Qarakhanid Campaign against Khotan

Khotanese Missions to Han China

Khotan, lying to the east of the Qarakhanid stronghold in Kashgar, was a wealthy Buddhist state. Its mines were the main source of jade for all the lands along the Silk Route, especially Han China. Occasionally, its kings had even visited Han China, for instance in 755 to offer military aid in quelling the An Lushan rebellion. However, since the Tibetan reassertion of its rule over Khotan in 790, all contact between the Khotanese and Han Chinese courts had ended. The Khotanese had not sought to reestablish this contact even when they regained independence in 851. The trade route across the southern rim of the Tarim Basin had fallen into disuse for almost a century and a half, and the Tibetan tribes settled along it often raided Khotan.
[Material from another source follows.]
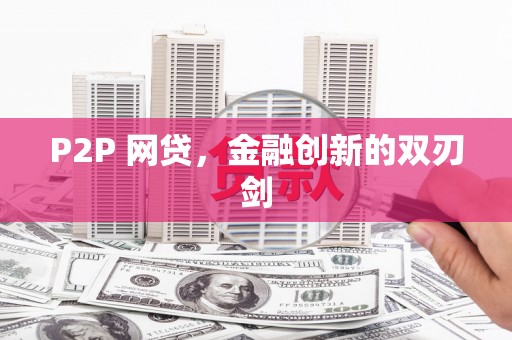 南港P2P 网贷，金融创新的双刃剑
In 938, however, shortly after Satuq Bughra Khan’s usurpation of the Qarakhanid throne, the Khotanese king sent a tribute and trade mission to Han China via this southern Tarim route. Despite Han China’s weakness in being split into several kingdoms during the prevailing Five Dynasties Period (907 – 960), Khotan felt the pressing need to reestablish relations. The king was motivated to take this step undoubtedly because of feeling threatened by the political unrest to the west in Kashgar.
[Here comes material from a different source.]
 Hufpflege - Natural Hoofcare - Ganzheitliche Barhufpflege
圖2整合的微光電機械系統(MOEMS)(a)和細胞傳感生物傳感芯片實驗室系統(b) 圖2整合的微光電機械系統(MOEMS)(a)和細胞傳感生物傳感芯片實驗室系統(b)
Map 26: Central Asia at the Time of the Qarakhanid Invasion of Khotan, Approximately 1000 CE
Map 26: Central Asia at the Time of the Qarakhanid Invasion of Khotan, Approximately 1000 CE

Although Khotan had not been trading directly with Han China during the previous century and a half, it still engaged in a considerable amount of commercial activity with other regions. All trade routes from Khotan, however, either passed through Kashgar to go on to either West Turkistan or the northern Tarim Basin, or they passed through Yarkand on the way to Kashgar to cross the Karakorum Mountains to Kashmir and on to the plains of India. If Kashgar and its environs were politically unstable and unsafe for commercial traffic, it would be difficult for Khotan to survive economically. This was surely one of the primary reasons for initially reopening the southern Tarim branch of the Silk Route to Han China – to reestablish an alternative market for Khotanese jade and other goods.

As the Qarakhanids subsequently pursued an expansionist policy, the Khotanese undoubtedly felt territorially threatened as well. Thus, an additional reason for relations with Han China was the hope for a renewed military alliance as the two countries had frequently enjoyed in the past.
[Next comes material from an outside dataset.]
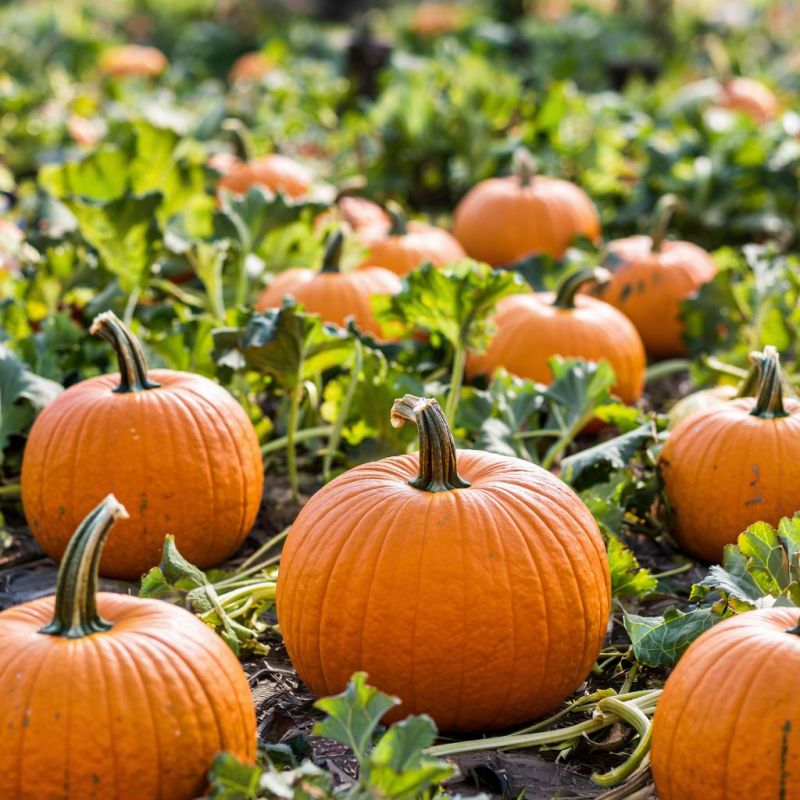 ��������� �������: 10 ������, ������� ��������� �� ���������� �������� � ��������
From their reopening of the southern Tarim trade route until 971, the Khotanese sent numerous missions to the Han Chinese courts with presents of jade and seeking protection for their territorial integrity. Aside from trade benefits, it does not appear that they ever received any military aid from their former allies, even after the reunification of Han China in 960 with the founding of the Northern Song Dynasty.

The Northern Song forces were preoccupied with almost constant warfare against the Tanguts to their immediate west. Although travel from Han China to Central Asia could skirt the conflict by passing through the southeastern corner of Tsongka and continuing northward to the Gansu Corridor, the Northern Song was too weak to divert attention from the Tangut conflict and implement direct military intervention in East Turkistan. The Khotanese would have to fend against any possible invasion without Han Chinese help.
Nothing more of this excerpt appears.